=== Materials provided ===

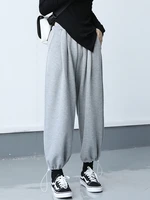 ladies sports pants spring and autumn new loose straight tube fashion pants leg pull design large size nine casual pants
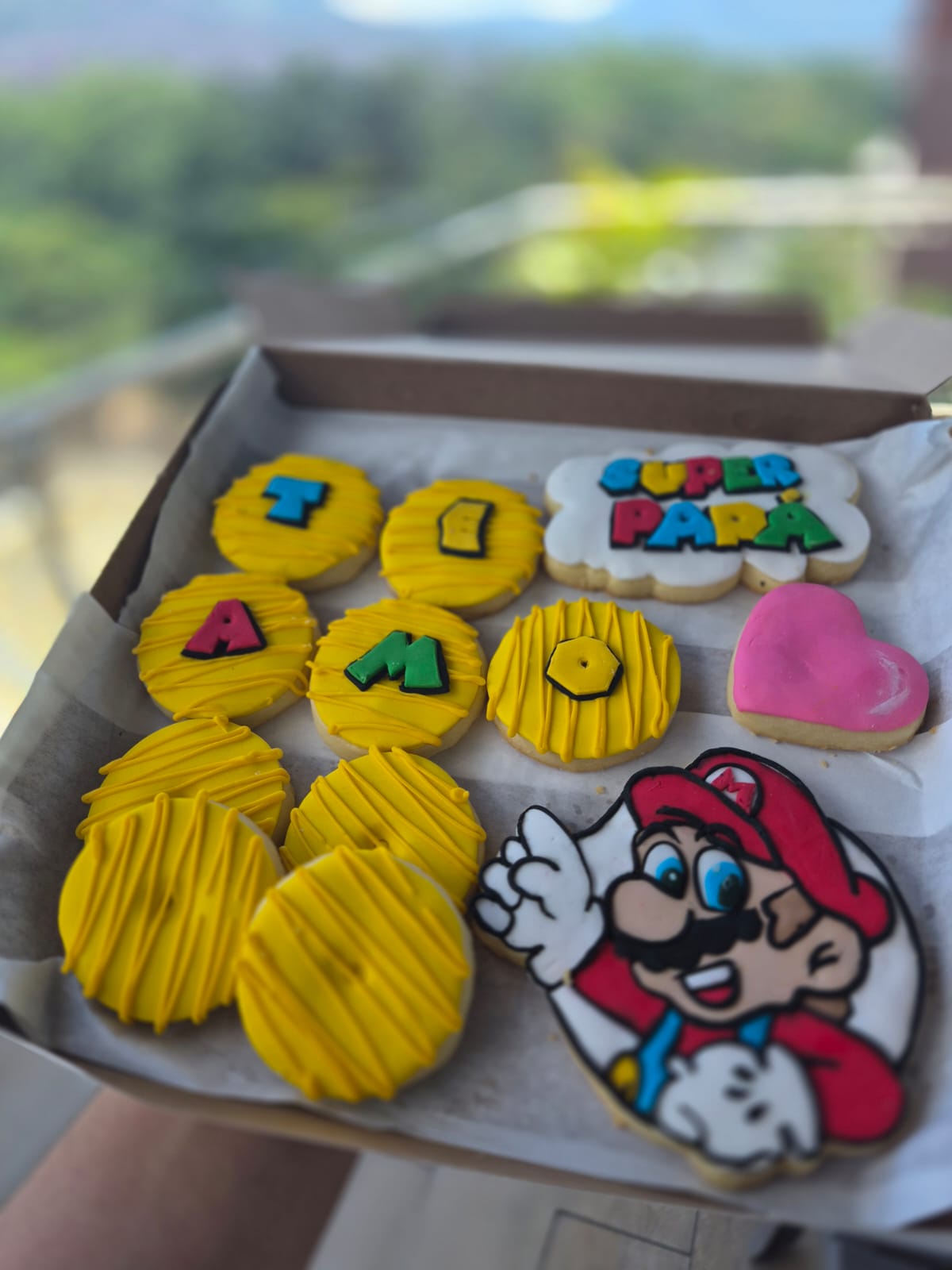 Caja de galletas decoradas con Super Mario y mensajes para papá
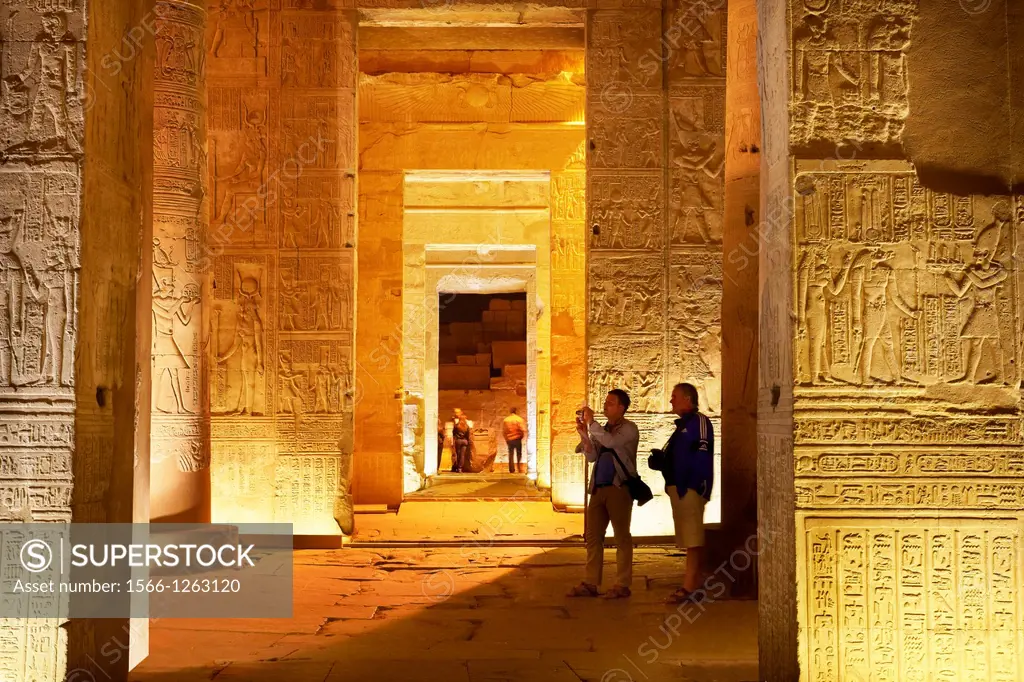 Egypt - Kom Ombo, tourists inside the Temple of Sobek, a Crocodile Temple, South Egypt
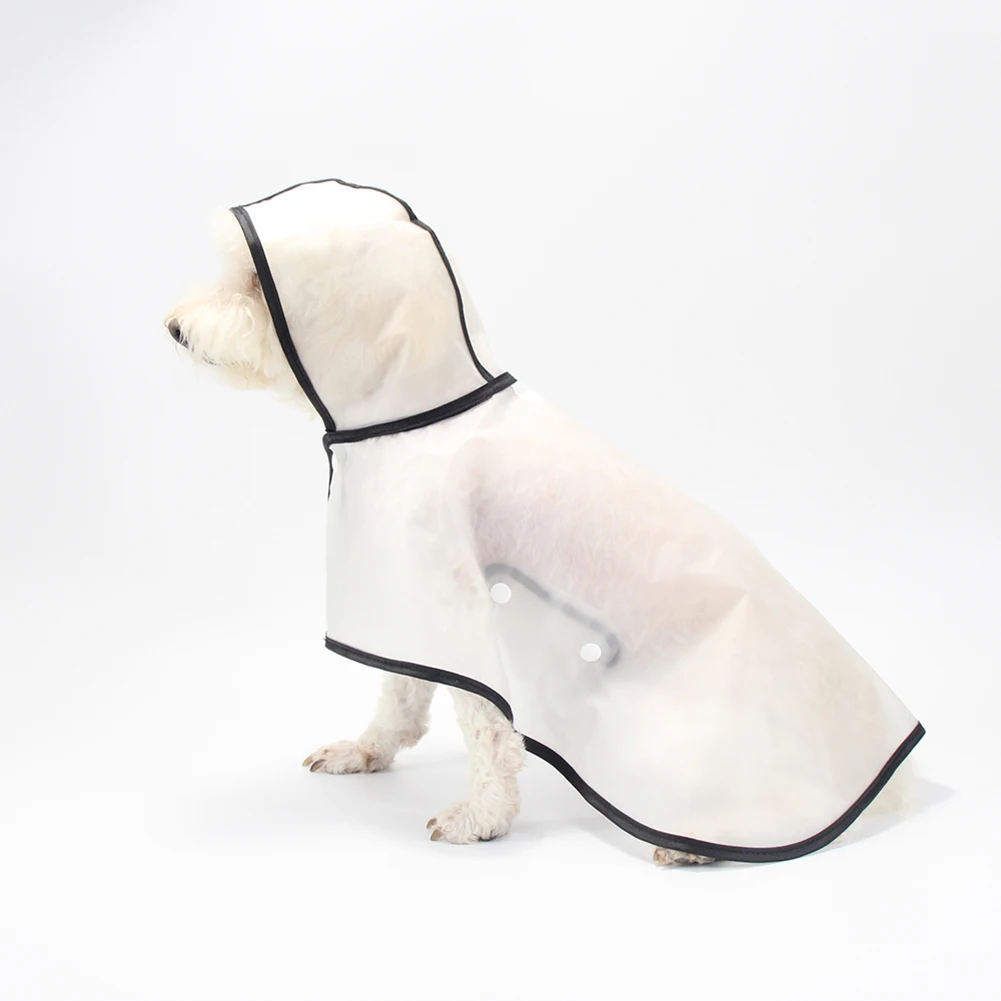 

New arrival Simple black side big medium puppy poncho soft frosted custom large pet transparent dog raincoat with hood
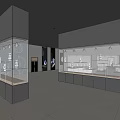 Contemporary Exhibition Hall Interior With Glass Display Cases And Illuminated Exhibits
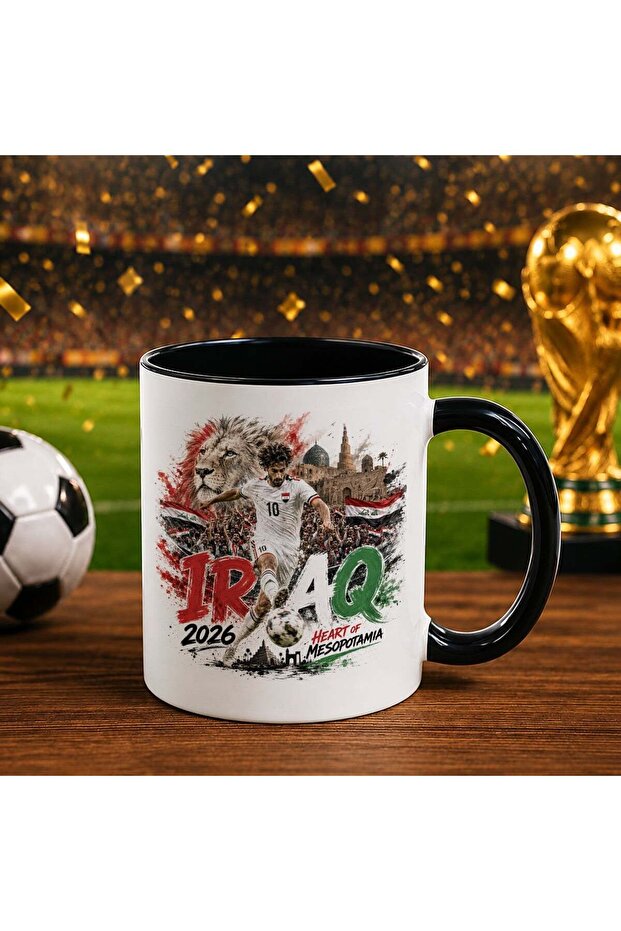 كأس أسود بتصميم كأس العالم 2026 بتصميم مشجعي العراق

===

- _What the exercise asks_:
Give back each line above verbatim, dropping every picture.

- _Response_:
 ladies sports pants spring and autumn new loose straight tube fashion pants leg pull design large size nine casual pants
 Caja de galletas decoradas con Super Mario y mensajes para papá
 Egypt - Kom Ombo, tourists inside the Temple of Sobek, a Crocodile Temple, South Egypt

New arrival Simple black side big medium puppy poncho soft frosted custom large pet transparent dog raincoat with hood
 Contemporary Exhibition Hall Interior With Glass Display Cases And Illuminated Exhibits
 كأس أسود بتصميم كأس العالم 2026 بتصميم مشجعي العراق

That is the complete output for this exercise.